George Shealy went to Churubusco High School, where he was in the Boys Glee Club and the school orchestra. After graduation, he matriculated at Indiana University under a scholarship (1927-1928) and was a member of the class of 1931 (although I'm not sure that he graduated from that institution). His art education consisted of three years at the Art Institute of Chicago; five summers at the Ox-Bow School of Art in Saugatuck, Michigan; and studies under the muralist John Warner Nolton (1876-1934) of Illinois.

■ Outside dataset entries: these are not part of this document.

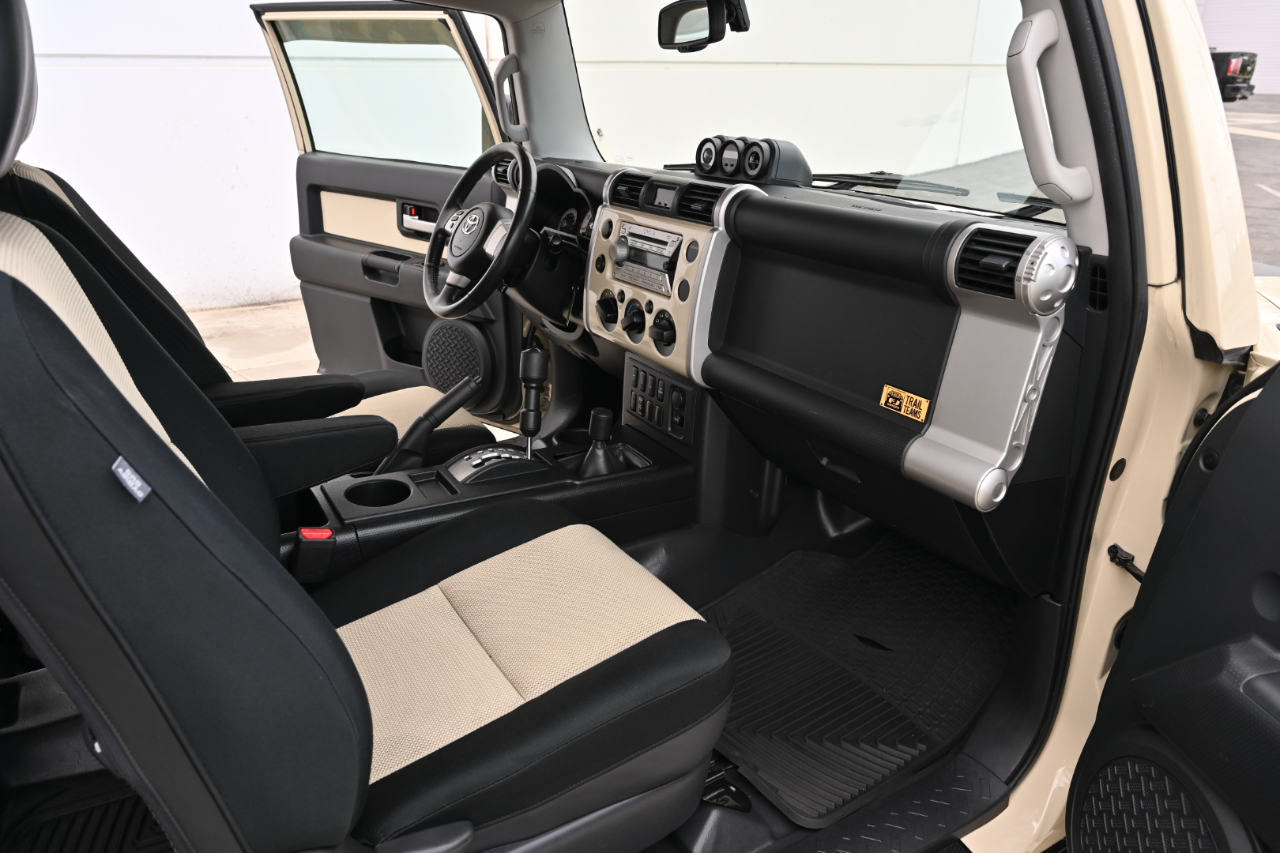 Toyota FJ Cruiser  2010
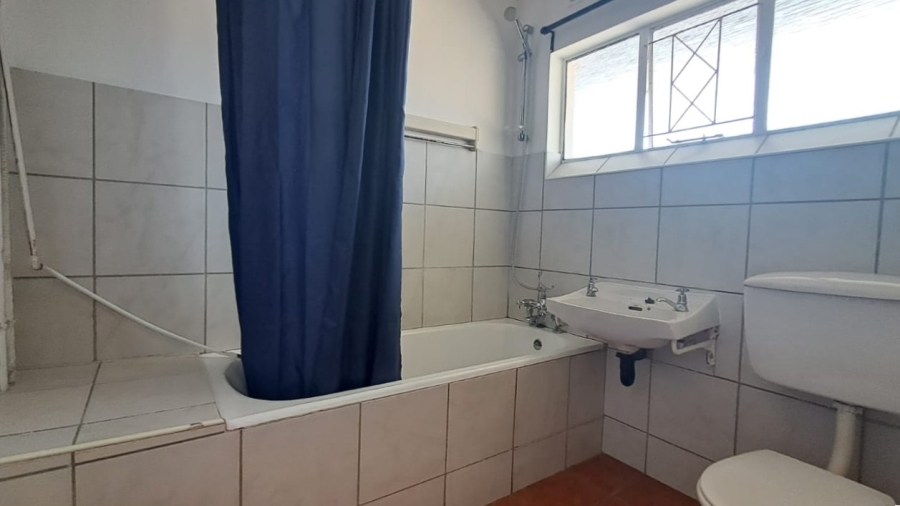 To Let 1 Bedroom Property for Rent in Beacon Bay Eastern Cape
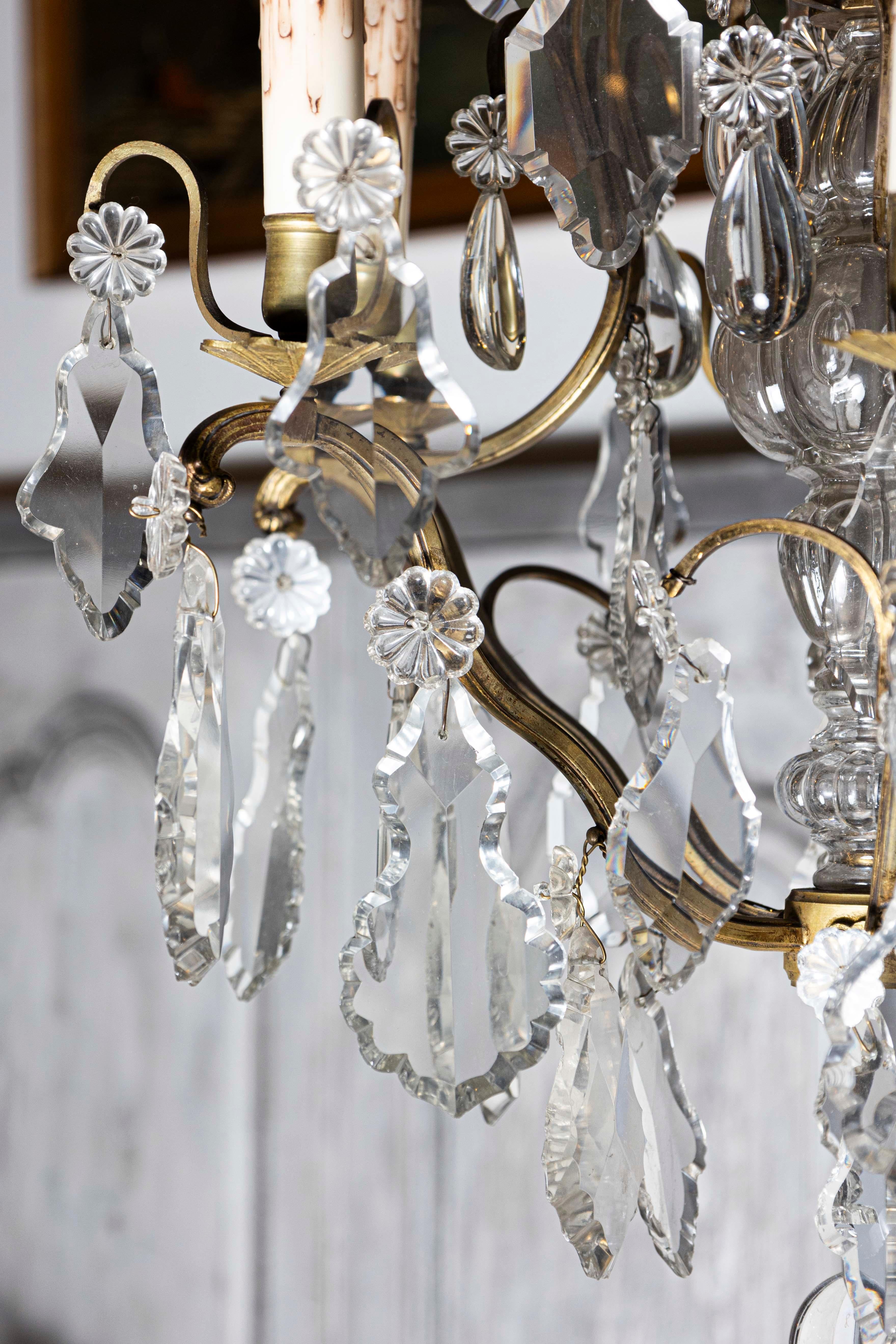 Lampadario francese del XIX secolo a sei luci in bronzo e cristalli con bracci a spirale In condizioni buone in vendita a Atlanta, GA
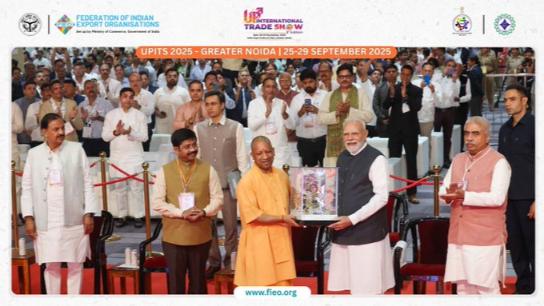 Prime-Minister-Narendra-Modi-and-Chief-Minister-Yogi-Adityanath-at-UPITS-2025
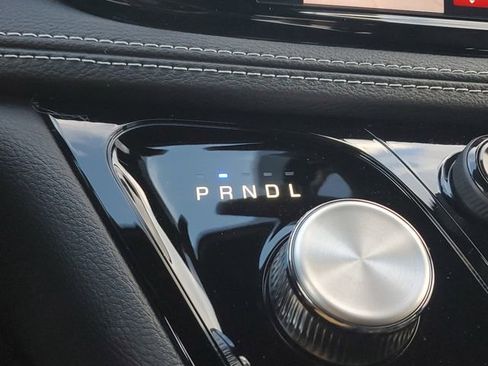 New 2026 Chrysler Pacifica Select image 32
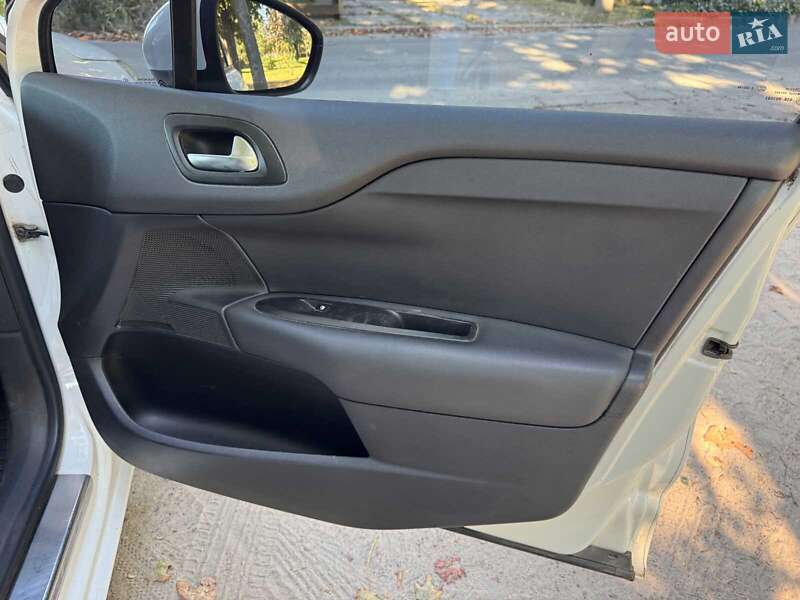 Хэтчбек Citroen C4 2011 в Киеве фото 19 Хэтчбек Citroen C4 2011 в Киеве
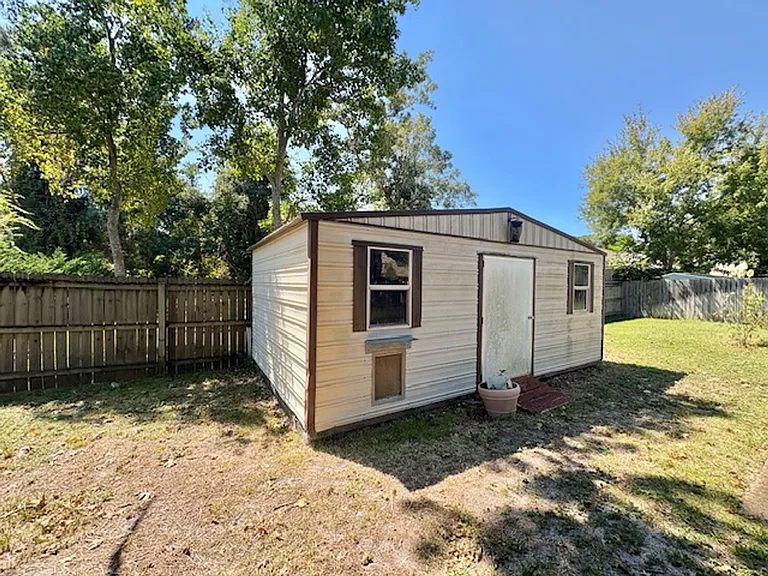 101 Meadow Woods Ln — Photo 26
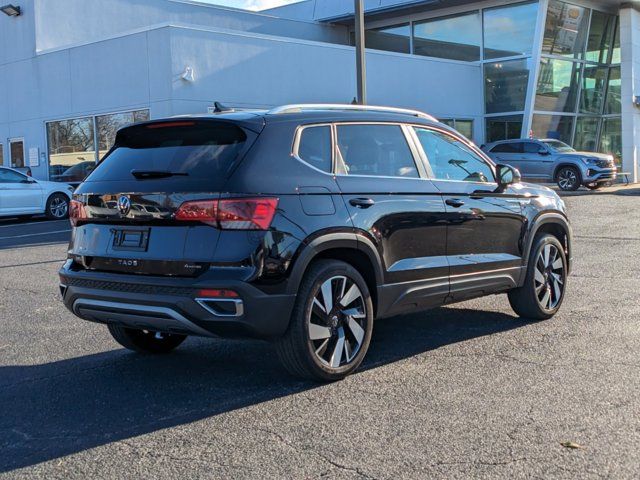 2024 Volkswagen Taos SEL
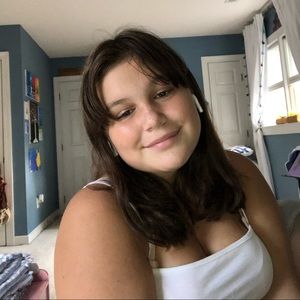 Meet your Posher, Avery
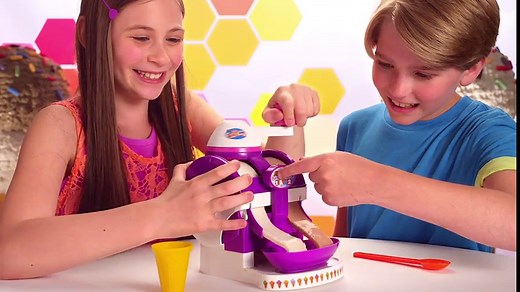Amazon.com: Cra-Z-Art The Real Ice Cream Maker with Built in Sprinkler Dispenser and Lite Up Cone : Toys & Games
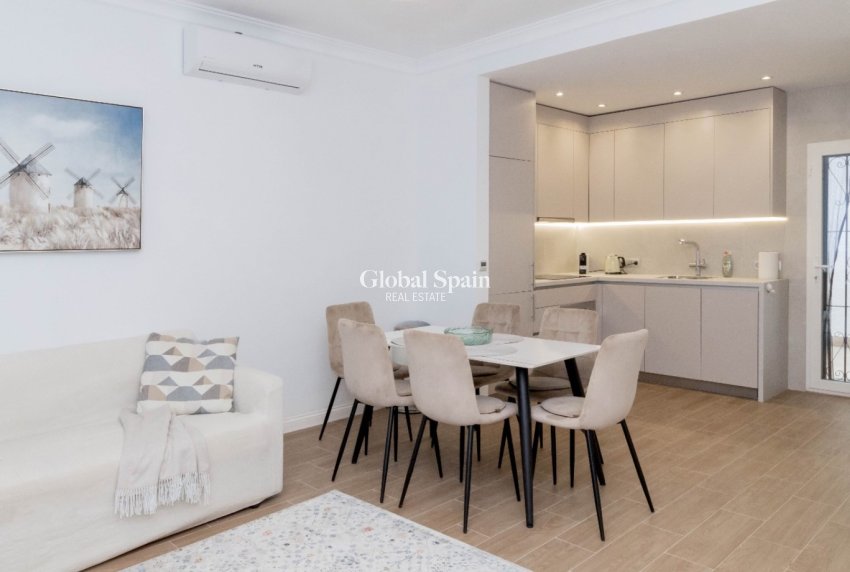 Revente - MAISON -
ORIHUELA COSTA - La Zenia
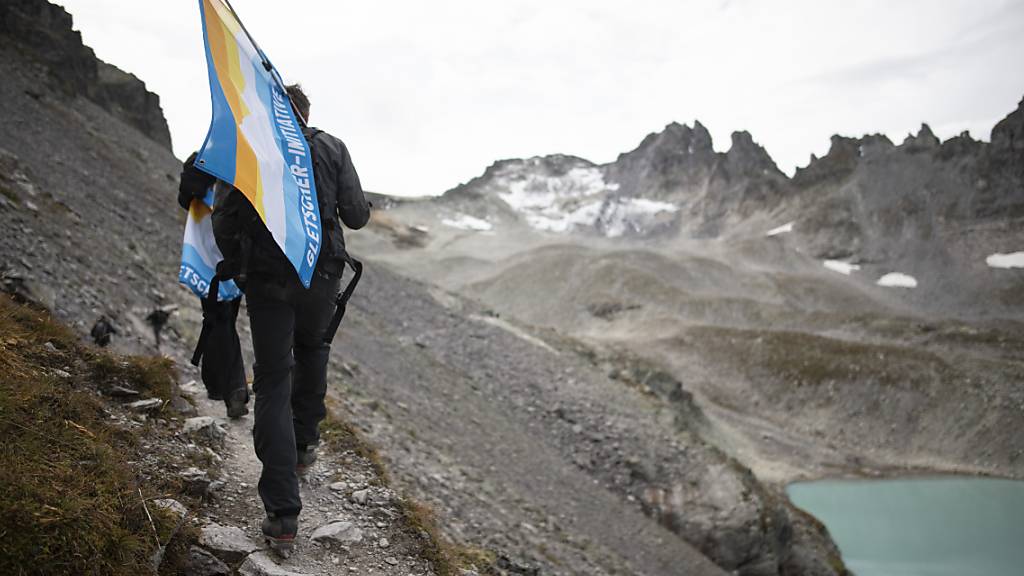 Abschiedsfeier für den Pizolgletscher im Herbst 2019. Der Bundesrat hat einen direkten Gegenvorschlag zur Gletscher-Initiative in die Vernehmlassung gegeben.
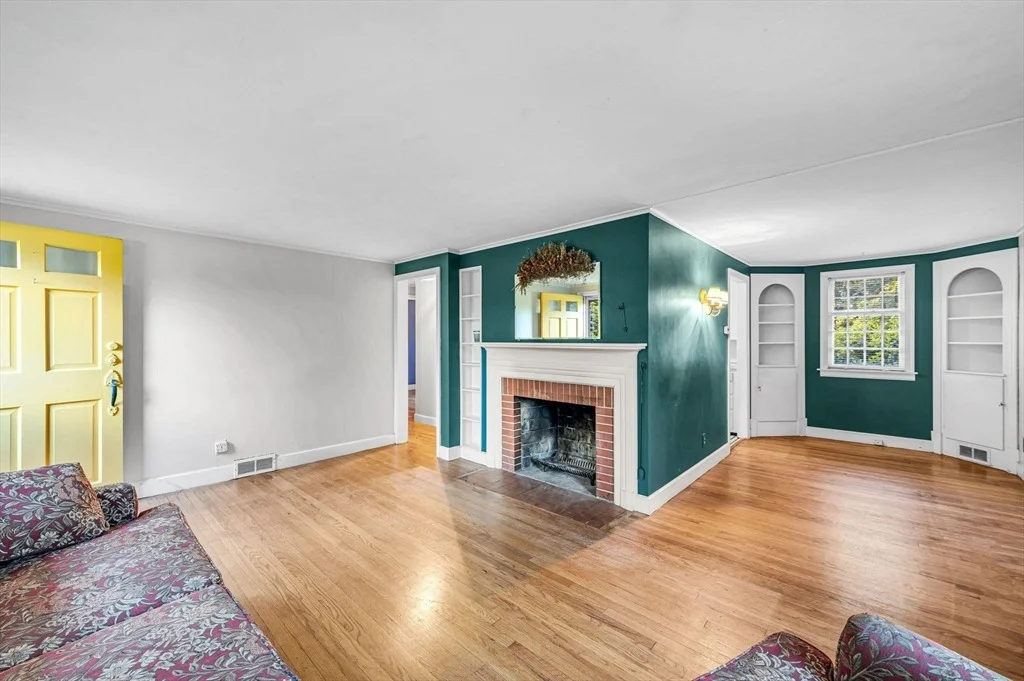Photo of 544 Springfield St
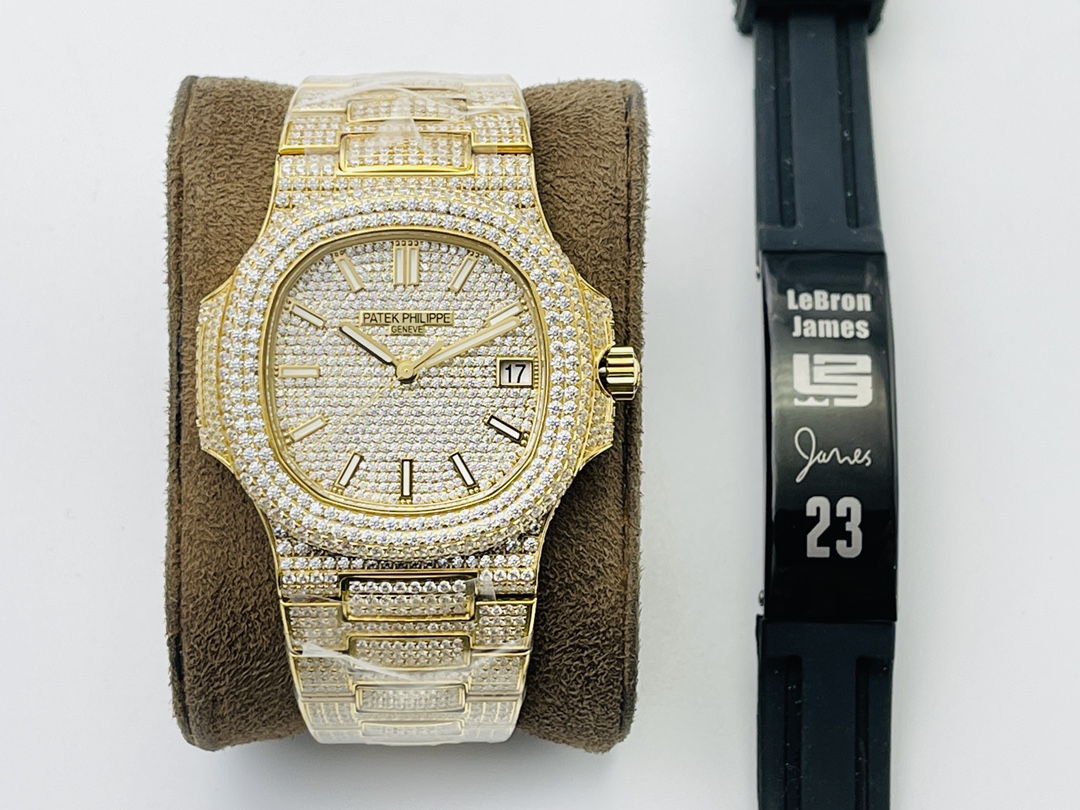 Patek Philippe Nautilus Black 5711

A summary of Shealy's career, from The U.S Air Force: A Pictorial History by James J. Haggerty and Warren Reiland Smith (New York: Spartan Books, 1966):
[George A. Shealy] taught art at Todd School for Boys, Woodstock, Illinois; designed and built sets for summer theater with Orson Welles and Hilton Edwards of the Gate Theatre, Dublin; and taught at St. Ambrose College, Davenport, Iowa. He was in the Army Combat Engineers in World War II and at the request of the Office of War Information he was sent to London to be art director on publications. Shealy set up his own studio in 1950 as a free lance art director and illustrator and later became head of the Department of Art, Queens College, Charlotte, North Carolina. (p. 260)
Shealy served two years in the U.S. Army during and after the war, from January 21, 1944, to February 19, 1946. He was married to Dr. Joyce H. Shealy, a psychologist. George A. Shealy died on August 27, 1988, in Charlotte, North Carolina. He was seventy-eight years old.

"K-14 at Kimpo, Korea" by George A. Shealy.

The cover of Print: The Magazine of the Graphic Arts, June 1952 (Vol. 7, No. 3) with a cover design by Shealy, who was also credited as art director.

George Allyn Shealy and his wife, Dr. Joyce H. Shealy, circa 1962. Photo courtesy of Everett Library Special Collections, Queens University of Charlotte, Charlotte, North Carolina.